3. Завершающий этап в развитии конкретно-философского
знания
Значительным шагом на пути преобразования философии в систематизированное мировоззрение явилось учение Аристотеля, в котором конкретно-философские понятия выражают логическое обобщение наиболее общих отношений действительности.
Аристотель более, чем кто-либо из античных философов понимает, что в основе познания лежит сравнение вещей друг с другом. Каждая вещь обозначается по отношению к каждой, как то же самое, либо другое. Поэтому следует найти основные роды различий, которые и будут началами бытия. При этом различие Аристотель понимает как конкретное различие и именно так, что различное
«различается от чего-то в чем-то определенном, так что необходимо должно быть нечто тождественное, в чем различаемые вещи различаются между собой»43.
Систематизацию этих отношений Аристотель начинает с определения видов категорий, которых в его учении десять: сущность; количество; качество; отношение; место; время; положение; обладание; действие; претерпевание.
Все они представляют собой основные роды понятий, определяющих сущность единичных вещей.
Первые три категории только называют вещи без всякой их связи с другими вещами, тогда как остальные категории в той или иной форме раскрывают отношение к чему-то другому. Тем самим последние семь категорий подготавливают переход к принципиально иным – сравнительным понятиям. И Аристотель показывает такой переход, выделял в десятой главе «Категории» четыре вида противолежания: противоречащее одно другому, противоположное, соотнесенное, лишенность и обладание.

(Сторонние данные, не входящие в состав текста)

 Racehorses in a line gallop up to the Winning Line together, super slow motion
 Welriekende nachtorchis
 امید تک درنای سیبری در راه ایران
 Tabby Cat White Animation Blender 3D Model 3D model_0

Подвергая их тщательному анализу, Аристотель, прежде всего, отмечает коренное различие между противоречащим и противоположным, поскольку у противоречия нет ничего промежуточного, тогда как между противоположностями оно обязательно существует, ибо противоположности представляют собой «избыток» и «недостаток» того или иного субстрата относительно промежуточного. Они тождественны по роду, но различны по виду. Промежуточное принадлежит к тому же роду, что и противоположности.
Противоречащее, наоборот, определяется философом как абстрактное различие. И действительно, «не-А» настолько абстрактно, что включает в себя все, что угодно, кроме «А», т.е. третьего не дано: либо «А», либо «не-А». Поэтому, заключает философ, не может быть ничего промежуточного между двумя членами противоречия.

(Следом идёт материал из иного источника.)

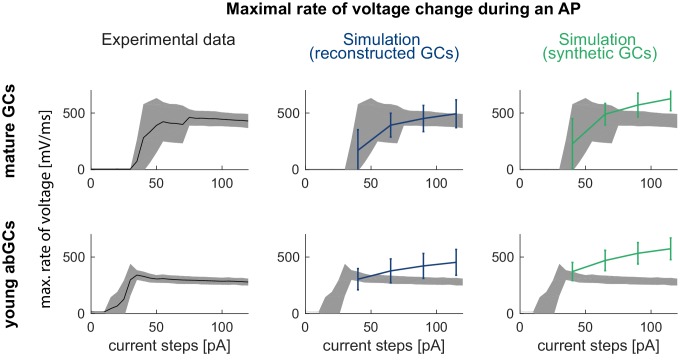 Figure 3—figure supplement 4.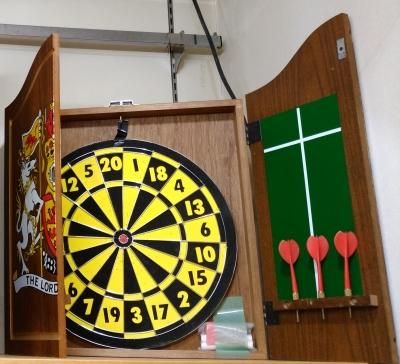 《DARTSLIVE100s》壁掛け❃ダーツボード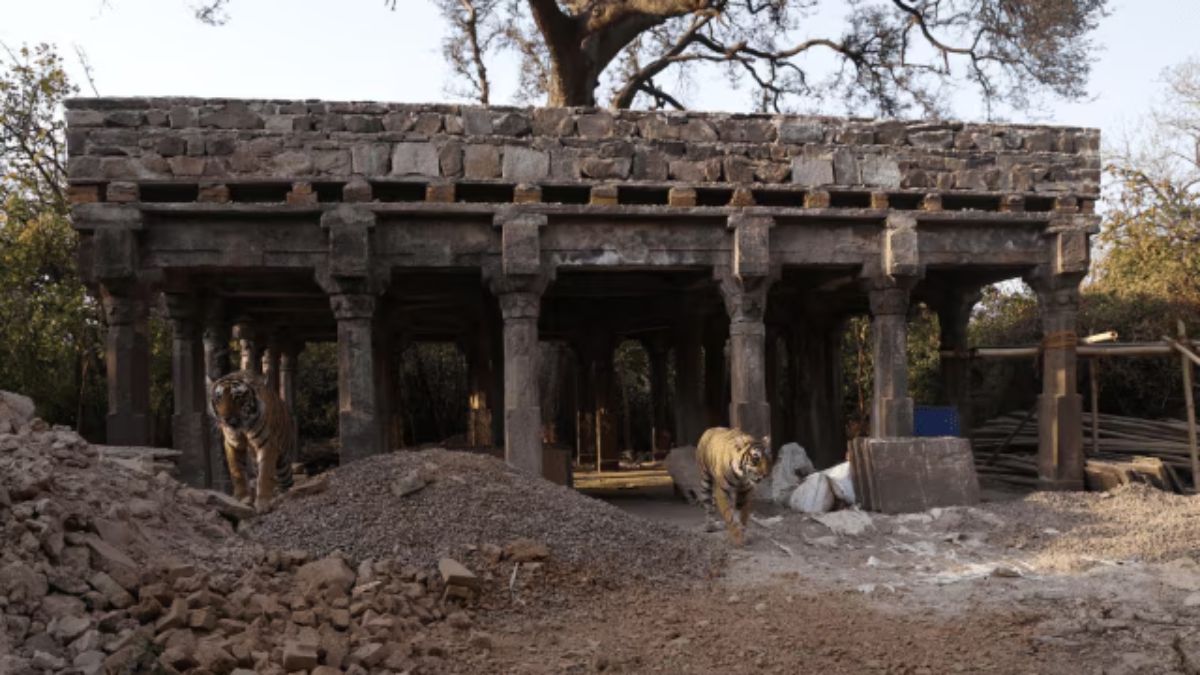 Tigress at Ranthambhore responsible for fatal attack on forest ranger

Продолжая конкретизировать различия, Аристотель выделяет соотнесенное как такое отношение, о котором говорят, «что то, что оно есть, оно есть в связи с другим». В «Категориях» философ отмечает обоюдностъ и субстанциальное тождество соотнесенного. Так, под рабом подразумевается раб господина, а под господином – господин раба. Поэтому соотнесенные между собой стороны всегда находятся вместе и устраняются вместе.
В несколько ином аспекте дается определение соотнесенного в «Метафизике», где на первом места стоит математическое его выражение. Здесь эти отношения касаются чисел и, прежде всего, являются их свойствами.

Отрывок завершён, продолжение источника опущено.